Data sharing is one of the most highlight features of FileWallet. Because IPFS is using content addressing storage model, the CID of a file is calculated based on the file content. Whenever a user wants to update the file content, the user will generate a new CID. Thus, it will be very troublesome if a file is shared with many users and updated frequently. Currently, IPFS uses IPNS to address the mutability issue of files. IPNS is a feasible solution provided by the IPFS. IPNS can generate a key K that is the hash of the peer public key for the IPNS record. The record includes the hash of a link and a signature signed by the corresponding private key to be stored by those peers whose id close to SHA256(/ipfs/K) in XOR distance. Thus, other users can access the latest content by looking up/ipfs/K. However, this method is inefficient because both the sender and receivers are required to has a connection with the peer that is hosting the IPNS record. It may take long time to update or look up the file in a poor network environment where only a few peers are available. In our system, we propose an alternative solution which is an important component of file sharing module. In FileWallet, we integrate Hyperledger Fabric with IPFS, and we store the file-sharing information in the ledger rather than the IPFS network. Because all peers in a channel have a consistent ledger, the client can access the latest file’s CID from one of the peers directly without the time-consuming look-up process.

We design two main functions in file sharing model: cooperation and subscription as shown in Procedure 3. The difference between cooperation and subscription is that cooperators have both write and read privileges and the subscribers only have read privilege. The following procedure shows how the system share files between different users.

images

3.5 Analysis

This section analyzes the properties of the proposed FileWallet system in the aspects of security, data availability, and traceability.

3.5.1 Security and Privacy

The security issue of our system is mainly affected by the reliability of the Hyperledger Fabric network and the privacy issue is caused by the file content leakage.

Because Hyperledger Fabric is a permissioned blockchain framework, the administrator of an organization can manage the certificates to control the members in the organization. No one can access the organization’s data without its permission. Moreover, since the data between channels is isolated, a member of an organization can only access the data of another channel by joining that channel. The administrator of the organization can refuse to join the channel if the administrator does not trust the participants of that channel. As a result, the organization can fully control its data security.

In IPFS, the file provider records in stored in the corresponding peers in the IPFS network. There is a potential data leaking risk because the malicious IPFS peers may access the private data according to provider records, especially in the scenario of a private IPFS network. In FileWallet, the users encrypt their files before adding them to the IPFS network to avoid the privacy leakage risk.

3.5.2 Data Availability

When a file is added in IPFS network, the file is not sent to other peers initially. Others can only access the file when the uploader’s device is online at the first time of the file being accessed. If others download the files from the uploader, they will normally keep a replica of the file. As a result, the risk of data lost could be reduced with the number of the replicas. Besides, more replicas can also improve the download speed and reduce access latency.

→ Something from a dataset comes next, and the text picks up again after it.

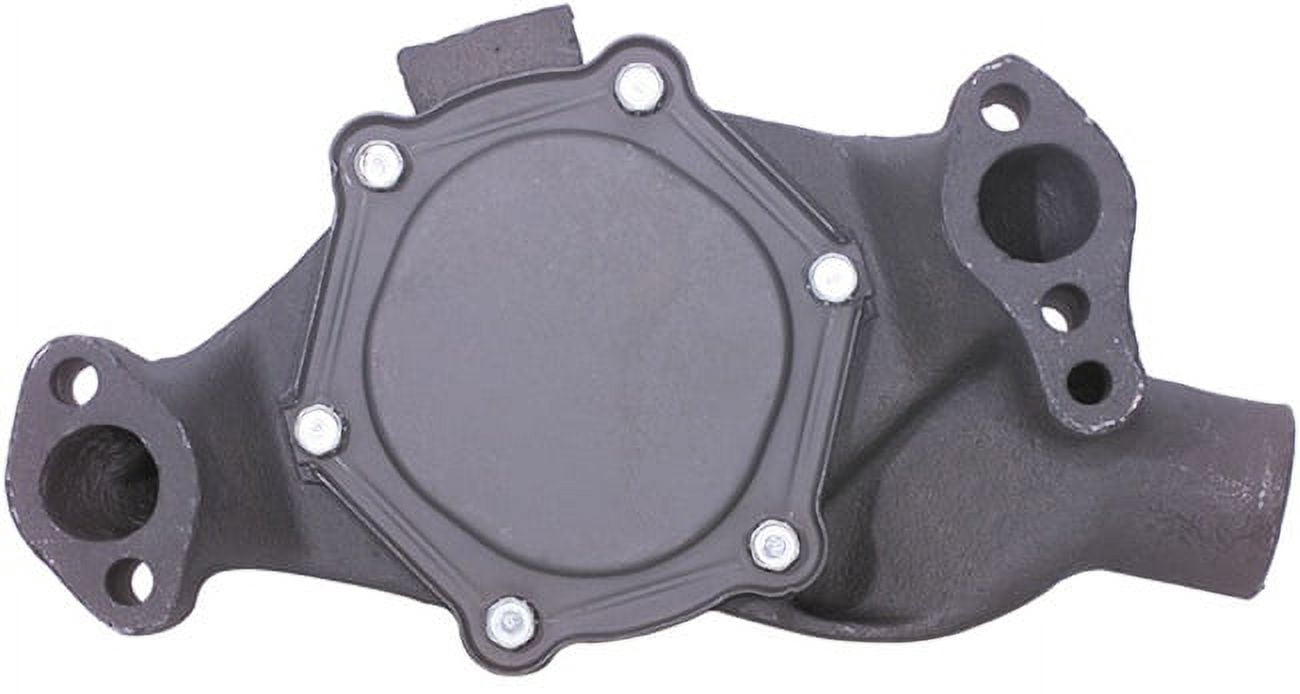 Cardone 58-136 Engine Water Pump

Futhermore, there is no single point of failure in our system because our system is basically decentralized. If there are enough peers and ordering nodes in the Hyperledger Fabric network, other peers can replace the failed peer because they are symmetrical and take the same responsibilities.

During the development, we discover that the Hyperledger Fabric Network will have multiversion concurrency control (mvcc) errors when updating a key’s value concurrently, so we design a retry mechanism on the client. To be specific, the client will retry after several seconds when it gets the mvcc error while interacting with the Hyperledger Fabric network. Hence, the user will not perceive this error in our system.

3.5.3 Traceability

Traceability is one of the fundamental features of a blockchain system, so it is possible for developers to query old versions of a value through its key. Thanks to the powerful Hyperledger Fabric chaincode API, version control can be implemented easily in our system. In FileWallet, the key of the directory will not change despite its content update. Hence, a user can track all the history of a directory as long as the user has read privilege.

4  System Implementation

This section will demonstrate how we implement the system, including the environment setting, network development, and FileWallet client.

4.1 Environmental Settings

First of all, we need to install the necessary dependencies for the development. The following Table 5 shows our development dependencies. A different version of dependencies may cause some unknown errors, so the system may not work in some rare cases like legacy dependencies.

images

4.2 Network Deployment

4.2.1 Certificates Generation

Certificates are essential in the Hyperledger Fabric network. Hyperledger Fabric uses the X.509 standard for all certificates. There are two purposes of using certificates in Hyperledger Fabric network. The first purpose is to prove the valid identity of one specific node. Without a valid certificate, it is impossible for a node to interact with the network. The second purpose is to establish a TLS connection that can prevent a man-in-the-middle attack.

In FileWallet, we use Hyperledger Fabric CA to generate all necessary certificates. The following steps show how we generate certificates.

1.    Pull the latest docker image of Hyperledger Fabric CA from docker hub or download the latest version of binary.

2.    Customize CA configurations by amending the template configuration file.

3.    Run the CA container or binary.

4.    Use the CA client to register and enroll admins, peers, orderers, and clients.

After these operations, the organization administrator distributed these certificates to different entities to allow them joining the network.

4.2.2 Peer Deployment

First, we need to set up organizations. In a production environment, each organization usually contains several peers and one CA that is responsible for issuing membership certificates. Moreover, the ordering service is also critical to the network. After setting up organizations and the ordering service, we need to create a channel for them to communicate with each other. Here is how we set up the peer.

1.    Customize the configuration file for organization peers and the start peers.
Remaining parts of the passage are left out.